▸ **TASK ITEM**: Lines before the one containing "Diffuseur de parfum" are left out; return that line and all lines after it, exactly, through the end of the records below.

▸ **Short web captions**:
..............................

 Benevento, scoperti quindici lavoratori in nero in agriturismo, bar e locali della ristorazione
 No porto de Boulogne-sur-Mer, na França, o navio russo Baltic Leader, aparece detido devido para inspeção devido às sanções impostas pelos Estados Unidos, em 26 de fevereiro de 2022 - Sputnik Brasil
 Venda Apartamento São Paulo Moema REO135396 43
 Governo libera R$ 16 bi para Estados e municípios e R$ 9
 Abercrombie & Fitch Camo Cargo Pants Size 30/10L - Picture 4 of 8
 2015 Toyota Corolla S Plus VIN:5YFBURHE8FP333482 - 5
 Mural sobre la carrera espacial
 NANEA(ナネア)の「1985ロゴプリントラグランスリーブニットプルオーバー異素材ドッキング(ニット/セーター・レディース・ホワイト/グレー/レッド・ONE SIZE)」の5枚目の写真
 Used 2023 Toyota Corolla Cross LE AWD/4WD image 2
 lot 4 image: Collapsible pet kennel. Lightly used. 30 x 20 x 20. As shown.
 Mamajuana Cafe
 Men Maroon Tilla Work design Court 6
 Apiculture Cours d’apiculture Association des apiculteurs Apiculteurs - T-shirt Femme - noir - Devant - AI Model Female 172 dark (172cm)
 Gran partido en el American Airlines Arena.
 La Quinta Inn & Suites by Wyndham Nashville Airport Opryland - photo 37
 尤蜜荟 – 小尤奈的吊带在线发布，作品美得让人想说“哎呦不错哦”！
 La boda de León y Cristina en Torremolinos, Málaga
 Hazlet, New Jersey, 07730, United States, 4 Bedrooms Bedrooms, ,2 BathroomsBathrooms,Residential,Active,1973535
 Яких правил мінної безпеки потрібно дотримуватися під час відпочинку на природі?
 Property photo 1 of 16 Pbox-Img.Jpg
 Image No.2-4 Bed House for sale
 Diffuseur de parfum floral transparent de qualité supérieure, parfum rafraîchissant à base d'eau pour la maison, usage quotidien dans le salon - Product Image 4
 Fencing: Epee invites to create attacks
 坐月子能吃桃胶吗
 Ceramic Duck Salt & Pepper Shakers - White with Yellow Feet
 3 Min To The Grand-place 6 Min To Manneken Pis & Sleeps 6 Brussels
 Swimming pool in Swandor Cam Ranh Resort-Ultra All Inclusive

..............................

▸ **ANSWER TO THE EXERCISE**:
 Diffuseur de parfum floral transparent de qualité supérieure, parfum rafraîchissant à base d'eau pour la maison, usage quotidien dans le salon - Product Image 4
 Fencing: Epee invites to create attacks
 坐月子能吃桃胶吗
 Ceramic Duck Salt & Pepper Shakers - White with Yellow Feet
 3 Min To The Grand-place 6 Min To Manneken Pis & Sleeps 6 Brussels
 Swimming pool in Swandor Cam Ranh Resort-Ultra All Inclusive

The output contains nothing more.